In all this was an amazing year.  Despite all the hiccups and stress, I don’t regret anything.  I am looking forward to year 2 in Qatar.  For now, I am enjoying my summer back home, meeting up with old friends, chillin and being still, being half naked outside, enjoying a drink outside of a hotel, spending time with my husband, son and few family members, shopping for next year, eating at my favorite restaurants, watching HGTV, cleaning, creating some DIY projects and making appointments and plans.

I will end this post with advice for anyone considering taking this journey:

“I’ve learned that fear limits you and your vision. It serves as blinders to what may be just a few steps down the road for you. The journey is valuable, but believing in your talents, your abilities, and your self-worth can empower you to walk down an even brighter path. Transforming fear into freedom – how great is that?”      Soledad O’Brien

 

Portugal: Cobblestones, Cod and Cork…

…and so much more.  I don’t know where I heard or read that Portugal was the seafood capital of the world, but every since then, I knew I was going to visit this country.   And now that I have, let me tell you, there are so many other, better, reasons to visit Portugal!

After spending 3 days in Paris, my son and I took a short and cheap flight on Vueling Airlines over to Porto, Portugal, where we stayed in Ana’s AirBnb right in the heart of everything.  I highly recommend staying on Rue De Flores street.  The picture above was the view from the flat.  I adore the red-thatched roofs on the top of the houses.

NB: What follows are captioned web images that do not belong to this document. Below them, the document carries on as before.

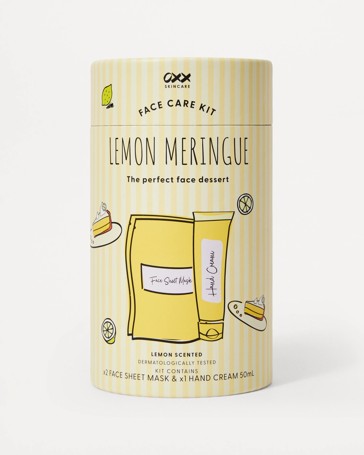 OXX Skincare Lemon Meringue Face Care Kit - Lemon Scented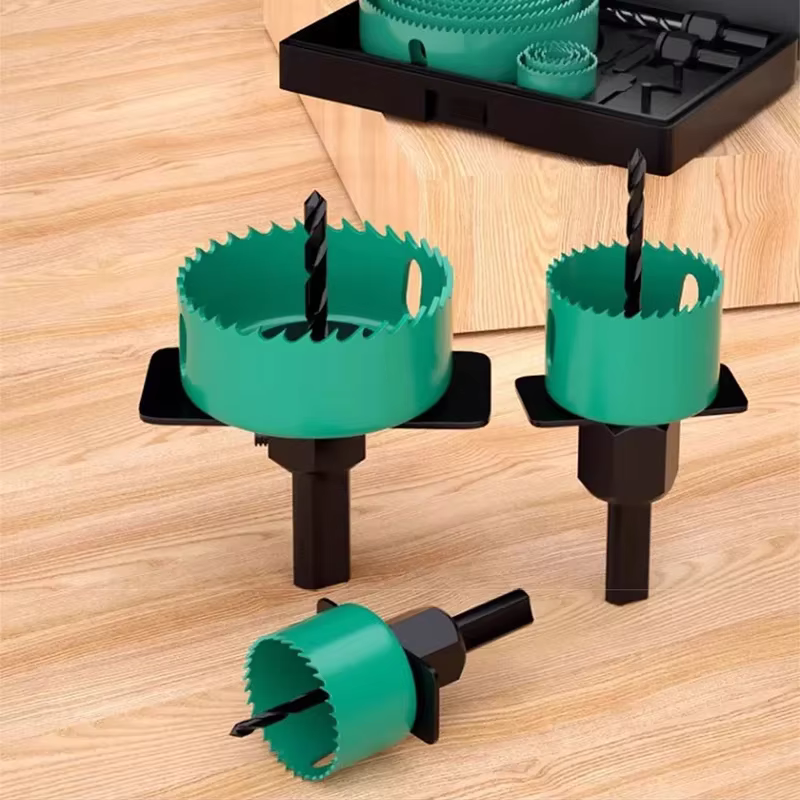 Jeu de scies cloche, tasse de scie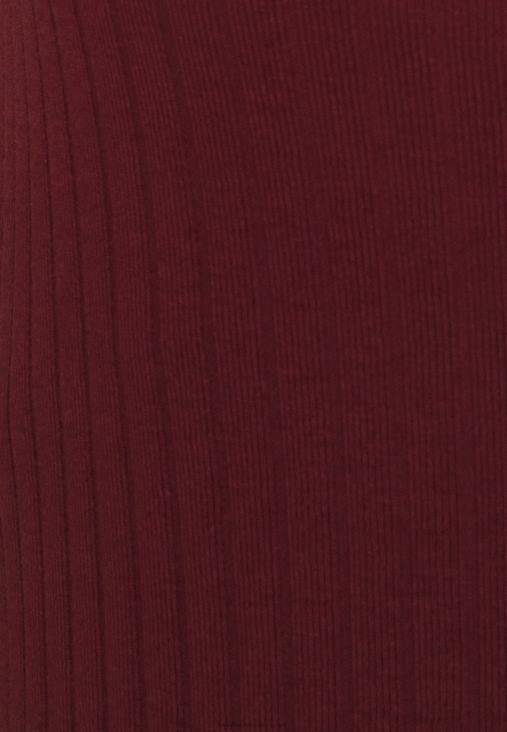 Anna Field nők nyomott póló sötétvörös RTVD243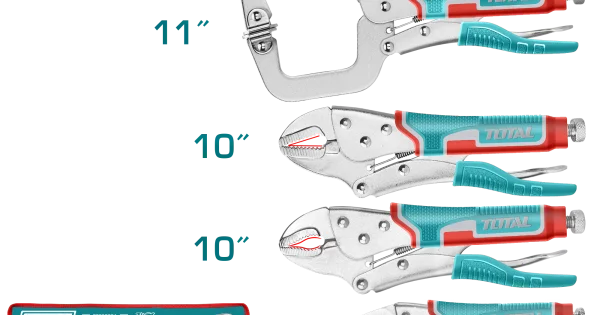 5件大力鉗組套 (TOS23091)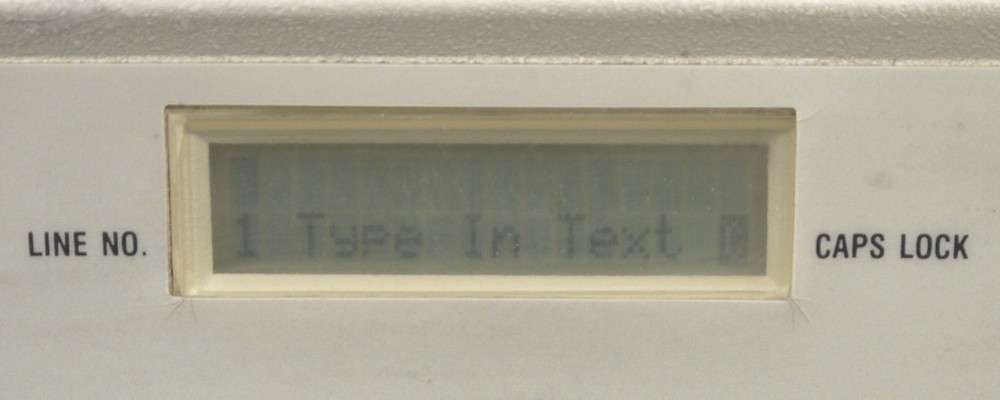 Signer By Gerber LC7 Plotter (For Parts)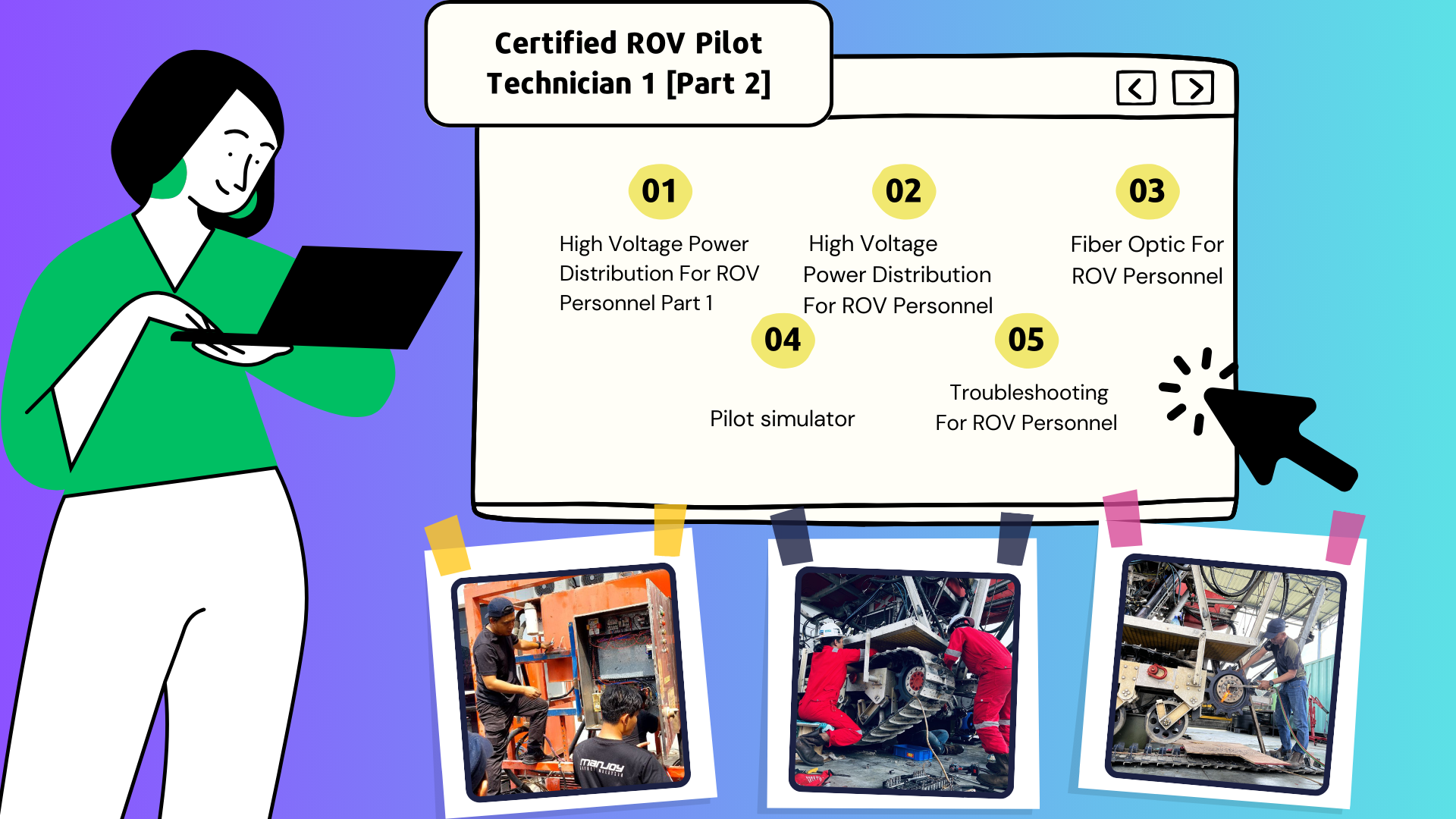Certified ROV Pilot Technician 1 [Part 2] 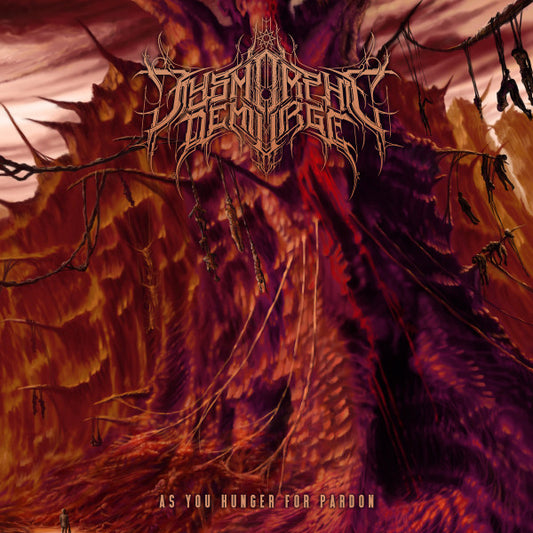 Dysmorphic Demiurge : As You Hunger For Pardon (CD, Album, Ltd, Num, Dig)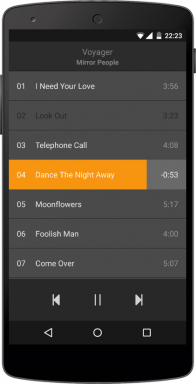 Campuran - sangat sederhana dan sedikit pemutar musik yang unik untuk Android
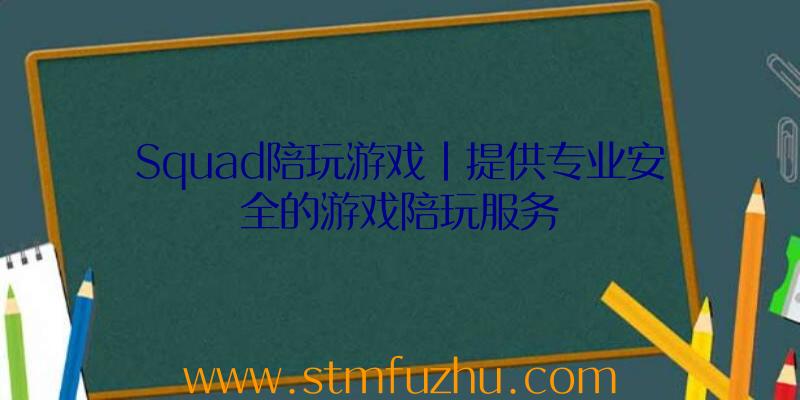 Squad陪玩游戏|提供专业安全的游戏陪玩服务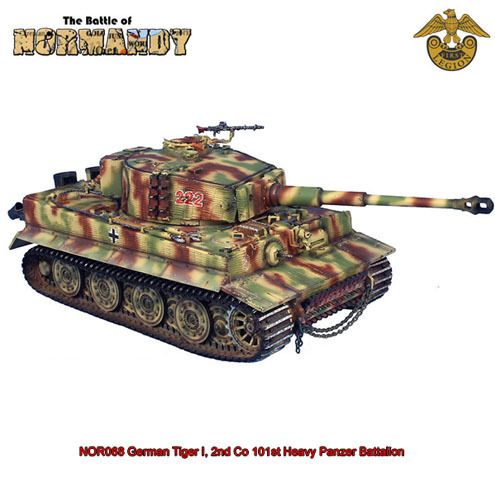 German Tiger I, 2nd Co 101st Heavy Panzer Battalion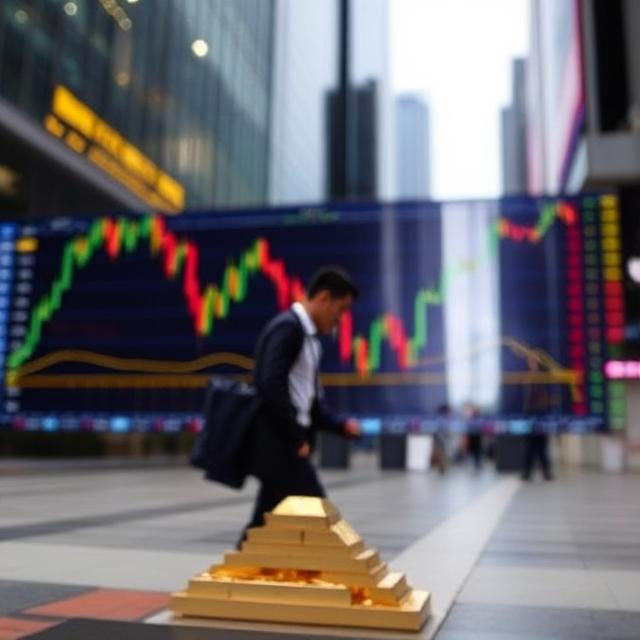 Comex Gold Futures Keeps Moving Sideways, Chart Indicates – Market Discussion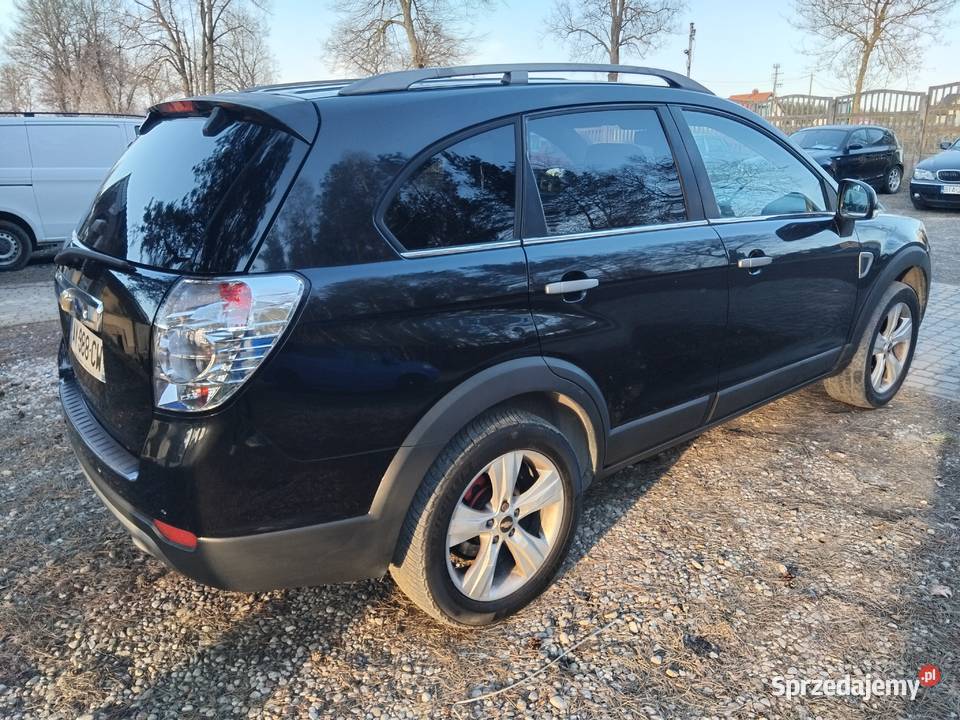 Chevrolet Captiva 4x4 20d 150 2010r full 7 os podlaskie Białystok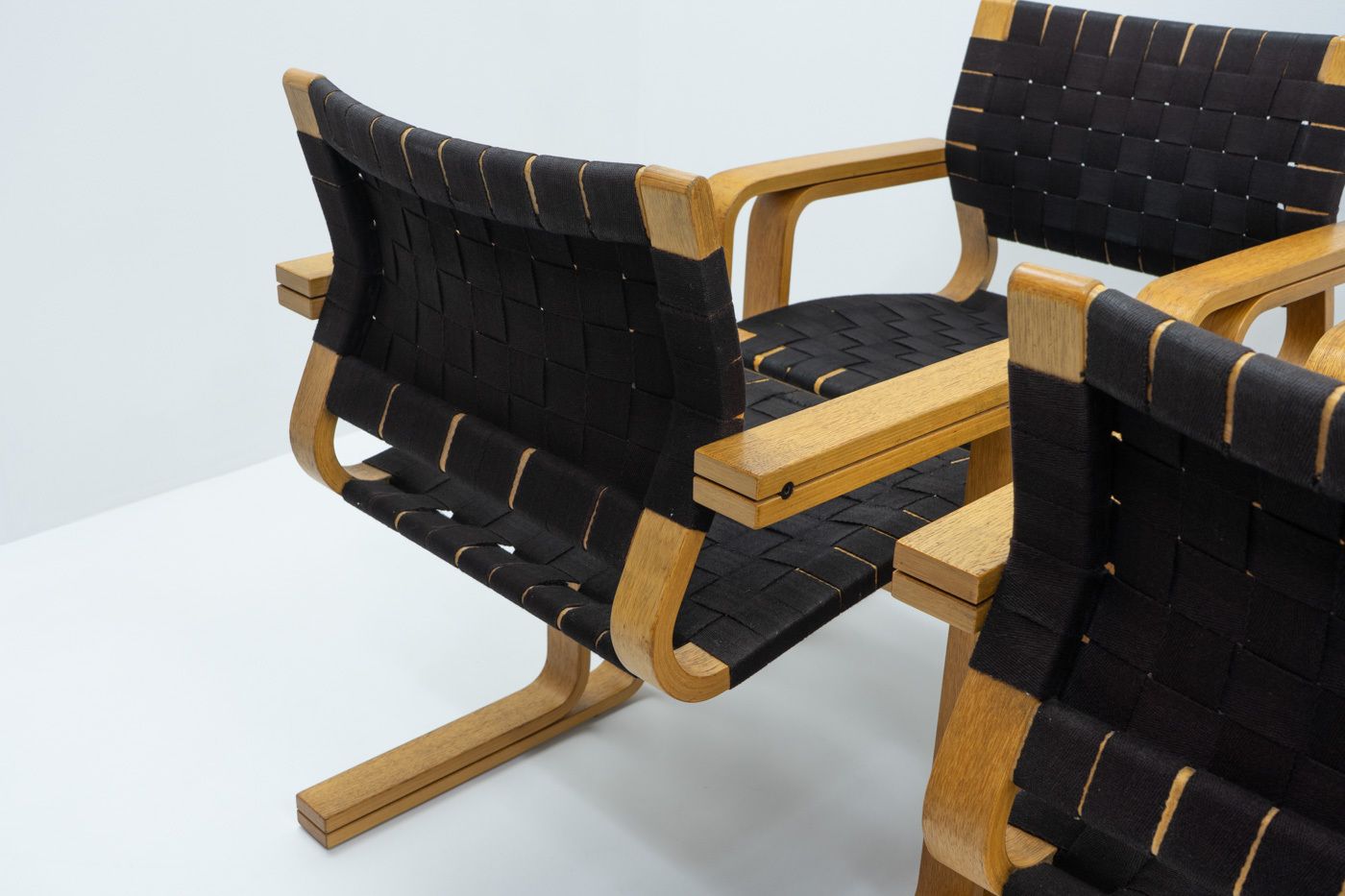 2899.0 Thygesen & Olesen – 5331 Armchair, Set Of Six, 1980s photo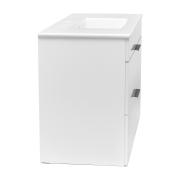 Koupelnová skříňka s umyvadlem Jika Plan 100x44,1x62,2 cm bílá H4536521763001. obr. 3 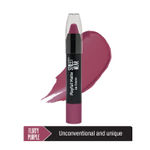 Buy STREET WEAR® Playfull Matte -Flirty Purple (Berry) -Moisturizing Matte Finish Lipstick, Full Coverage, Non-Drying Formula, Intense Pigment, Enriched With Shea Butter, Vitamin C, Vitamin E, Longwear Moisturizing Crayon Lipstick - Purplle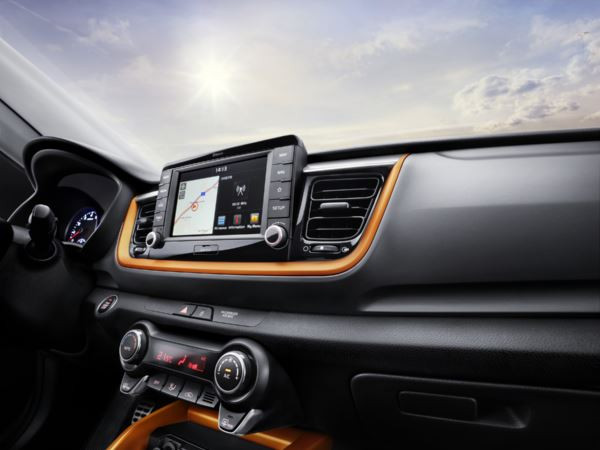 Le crossover Kia Stonic affiche un design affirmé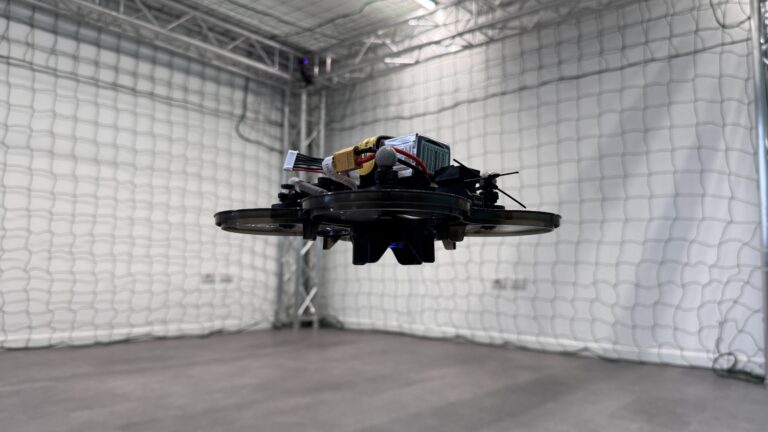 GPEM and MAVTech together for integrated Vicon and drone solutions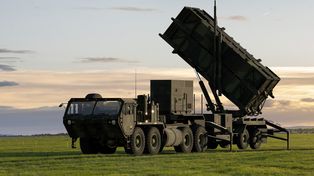 Alarmujące ustalenia. Ukrainie kończą się rakiety Patriot?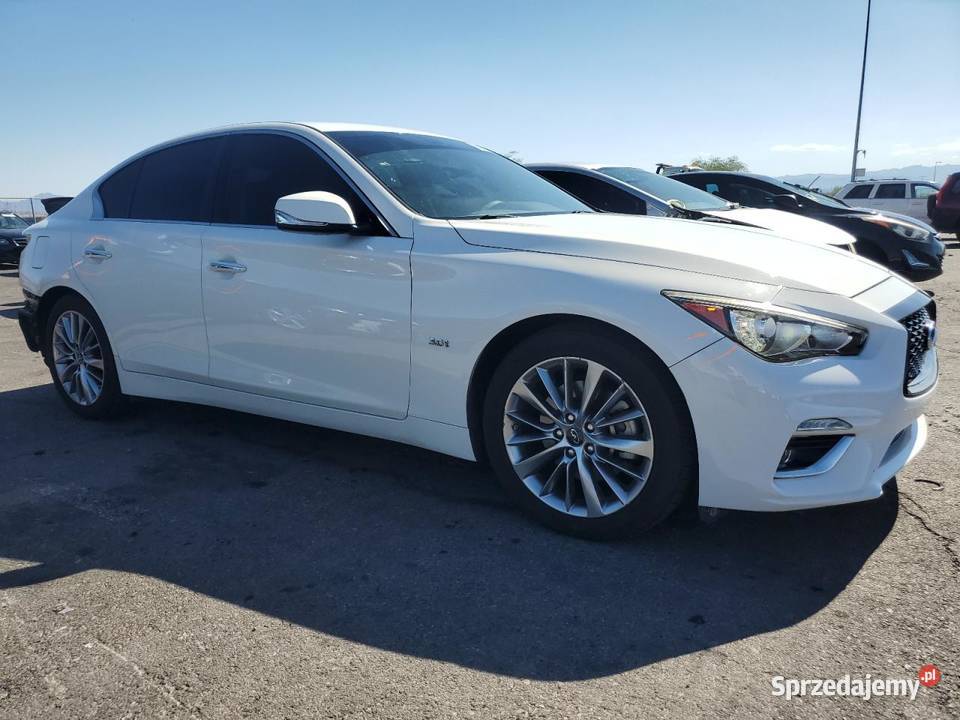 2017 INFINITI Q50 LUXE 2997cm3 Częstochowa sprzedam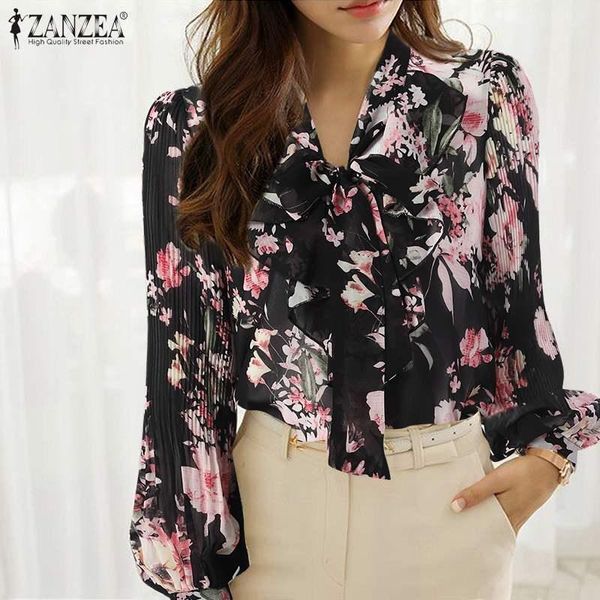 women's blouses & shirts women retro long puff sleeve shirt femme fashion floral party blouse female office bow lady bohemian pr, White
women's blouses & shirts women retro long puff sleeve shirt femme fashion floral party blouse female office bow lady bohemian pr, White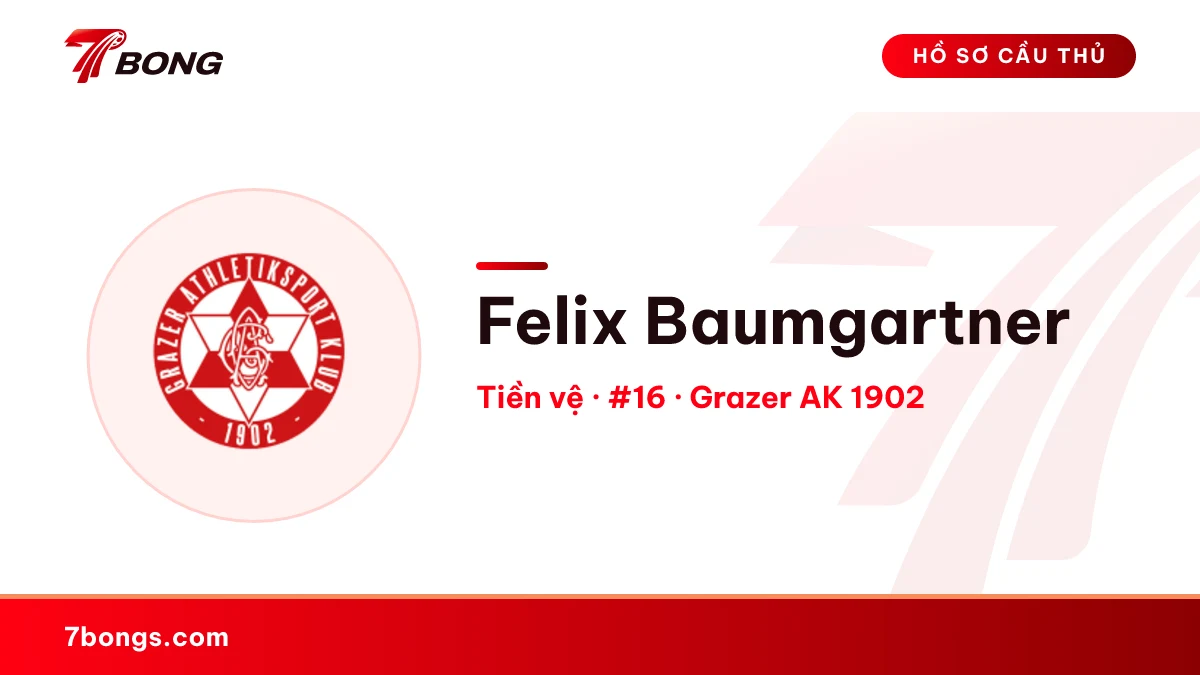 Felix Baumgartner — Grazer AK 1902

We saw a lot of Porto in the two, too short nights spent there.  Porto is beautiful and we were lucky enough to stay right near the river.  On either side of the river you can watch the boats, enjoy wonderful wines, eat tasty food, listen to the live music, feel the cool breeze and cringe at the youngsters jumping off of the Luís I bridge into the cold deep river.  On the west side you can tour the wine cellars, if Port wine is your thing.  I’m not a big fan.  While meandering through some of the shops I noticed lots of items made from cork.  I didn’t know cork was a hot commodity in Portugal.  You can get purses, coasters and many other things made from cork.  I purchased some cork, wedge sandals.  They are quite comfortable and I can’t wait to wear them but not in Portugal.  I would probably break my ankle because there are cobblestones and hills everywhere.  They are slippery too.  I got quite a work out walking up and down all day.  Portuguese people have great legs.  I truly don’t know how they do it everyday but I guess like anything, you get used to it eventually.

You can find Cod on almost all restaurants menu’s, made several different ways.  Squid is another food you can find almost anywhere.  I was able to indulge in both and although cod is just okay to me, I thought the cod in Portugal was better than average and after getting up the courage to eat some squid, I actually enjoyed that too.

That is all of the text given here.